Provided data
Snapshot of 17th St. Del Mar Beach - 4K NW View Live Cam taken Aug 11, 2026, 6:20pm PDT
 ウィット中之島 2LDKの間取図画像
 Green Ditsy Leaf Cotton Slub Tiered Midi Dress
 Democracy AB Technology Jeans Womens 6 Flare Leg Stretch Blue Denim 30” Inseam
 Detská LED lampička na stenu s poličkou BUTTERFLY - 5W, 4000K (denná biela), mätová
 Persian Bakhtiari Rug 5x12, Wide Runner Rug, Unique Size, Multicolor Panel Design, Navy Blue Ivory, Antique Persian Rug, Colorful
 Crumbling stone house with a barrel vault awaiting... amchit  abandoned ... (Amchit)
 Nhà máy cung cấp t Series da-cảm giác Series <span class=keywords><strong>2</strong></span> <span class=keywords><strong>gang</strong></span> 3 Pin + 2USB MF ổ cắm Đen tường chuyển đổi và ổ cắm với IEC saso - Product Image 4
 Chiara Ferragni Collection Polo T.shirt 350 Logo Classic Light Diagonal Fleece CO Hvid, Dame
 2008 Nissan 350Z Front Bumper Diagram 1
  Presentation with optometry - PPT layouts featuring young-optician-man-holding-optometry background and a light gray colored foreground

Problem to work on
Return exactly the lines in the records above, beginning with the one that holds "2008 Nissan 350Z Front Bumper Diagram 1" and ending with the last.

Your solution
 2008 Nissan 350Z Front Bumper Diagram 1
  Presentation with optometry - PPT layouts featuring young-optician-man-holding-optometry background and a light gray colored foreground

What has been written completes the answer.